Posted May 26, 2022 21:09 UTC (Thu) by zx2c4 (subscriber, #82519) [Link]

The ensuing performance discussion is somewhat interesting. Currently it's taking place across a few threads. My tracking of it is:

- I noticed the slow down here:
https://lore.kernel.org/lkml/Yoey+FOYO69lS5qP@zx2c4.com/
- Jens confirmed it's around 3%:
https://lore.kernel.org/lkml/0a6ed6b9-0917-0d83-5c45-70ff...
- Relatedly, I had proposed doing the same thing to /dev/zero: https://lore.kernel.org/lkml/20220520135030.166831-1-Jaso...
- Jens liked the idea, but Al pointed out the
performance issues, and later started figuring out why:
https://lore.kernel.org/lkml/Yokmu7bQpg70Bp8R@zeniv-ca.li...
- Al references resurrecting a particularly relevent older thread on
fsdevel:
https://lore.kernel.org/linux-fsdevel/Yokl+uHTVWFxoQGn@ze...
- This thread is now a many messages deep. That's where things are at now.
- Looks like Al's got some patches he's playing with in
https://git.kernel.org/pub/scm/linux/kernel/git/viro/vfs....

Hopefully those close the performance gap and then all drivers get faster.

splice() and the ghost of set_fs()

Posted May 26, 2022 22:23 UTC (Thu) by josh (subscriber, #17465) [Link] (5 responses)

splice has to keep working; does it have to keep working *fast*? Could it become a wrapper around sendfile-like semantics, and then just have specific cases where it can go faster?

splice() and the ghost of set_fs()

Posted May 26, 2022 23:55 UTC (Thu) by NYKevin (subscriber, #129325) [Link] (4 responses)

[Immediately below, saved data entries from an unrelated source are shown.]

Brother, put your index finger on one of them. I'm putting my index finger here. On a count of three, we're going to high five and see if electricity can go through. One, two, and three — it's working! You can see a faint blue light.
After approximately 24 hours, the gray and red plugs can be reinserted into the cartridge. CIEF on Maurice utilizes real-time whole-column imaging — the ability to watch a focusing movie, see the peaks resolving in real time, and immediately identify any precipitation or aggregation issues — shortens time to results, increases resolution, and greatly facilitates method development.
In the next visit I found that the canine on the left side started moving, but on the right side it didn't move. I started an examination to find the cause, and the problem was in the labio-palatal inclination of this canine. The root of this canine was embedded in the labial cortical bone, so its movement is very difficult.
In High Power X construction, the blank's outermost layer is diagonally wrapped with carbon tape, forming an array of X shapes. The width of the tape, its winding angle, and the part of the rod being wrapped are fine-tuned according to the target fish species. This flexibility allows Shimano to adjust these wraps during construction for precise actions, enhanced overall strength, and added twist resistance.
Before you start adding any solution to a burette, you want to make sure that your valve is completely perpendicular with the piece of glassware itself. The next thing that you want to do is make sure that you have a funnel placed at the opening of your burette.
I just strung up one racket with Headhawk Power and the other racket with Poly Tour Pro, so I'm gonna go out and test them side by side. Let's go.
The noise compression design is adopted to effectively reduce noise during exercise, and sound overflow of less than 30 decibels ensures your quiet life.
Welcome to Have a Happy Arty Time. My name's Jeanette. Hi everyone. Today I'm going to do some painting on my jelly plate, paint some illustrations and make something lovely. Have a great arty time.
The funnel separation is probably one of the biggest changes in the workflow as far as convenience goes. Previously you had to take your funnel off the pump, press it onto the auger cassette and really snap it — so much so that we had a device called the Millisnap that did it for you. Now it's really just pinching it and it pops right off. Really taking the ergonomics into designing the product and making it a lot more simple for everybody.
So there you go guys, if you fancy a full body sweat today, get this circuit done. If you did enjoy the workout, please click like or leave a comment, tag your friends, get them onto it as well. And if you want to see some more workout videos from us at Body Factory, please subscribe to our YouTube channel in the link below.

I think that depends on the use case. When fd_in is a pipe, splice should be quite fast, because the man page says it just copies pointers to individual pages. If you use a naive sendfile-like implementation, suddenly you're making real copies. Or at least, that's what I was able to figure out from the man pages, anyway.

Side note: Why are there so many syscalls that do almost, but not quite, entirely the same thing in this space? We've also got copy_file_range(2), which seems to be the same as splice(2) but both fds must be normal files. And then there's vmsplice(2), which appears to be exactly the same as read(2)/write(2), but with an overly-complicated API, unless you pass SPLICE_F_GIFT, which looks to be the "I'm doing something ridiculous, don't judge me" flag. And I imagine there's also some io_uring equivalent to this madness, too. Why is there not a simple, all-purpose "move data from here to here and don't bother me about the details, just do whatever's fastest or most reasonable" syscall?

* splice isn't it, because splice requires one of the fds to be a pipe.
* copy_file_range isn't it, because it requires *both* of the fds to be normal files.
* sendfile isn't it, because it's missing an offset argument for the output file, and the input file must not be a socket.
* io_uring isn't it, because it's like five syscalls and a userspace buffer, not one fire-and-forget syscall.

splice() and the ghost of set_fs()

Posted May 27, 2022 13:09 UTC (Fri) by Sesse (subscriber, #53779) [Link] (3 responses)

vmsplice() is for sending the same data multiple times, I believe? E.g., pre-canned HTTP headers or small responses. vmsplice() once to get it from userspace into the kernel, then you can splice multiple times with copy.

splice() and the ghost of set_fs()

Posted May 27, 2022 17:42 UTC (Fri) by NYKevin (subscriber, #129325) [Link] (2 responses)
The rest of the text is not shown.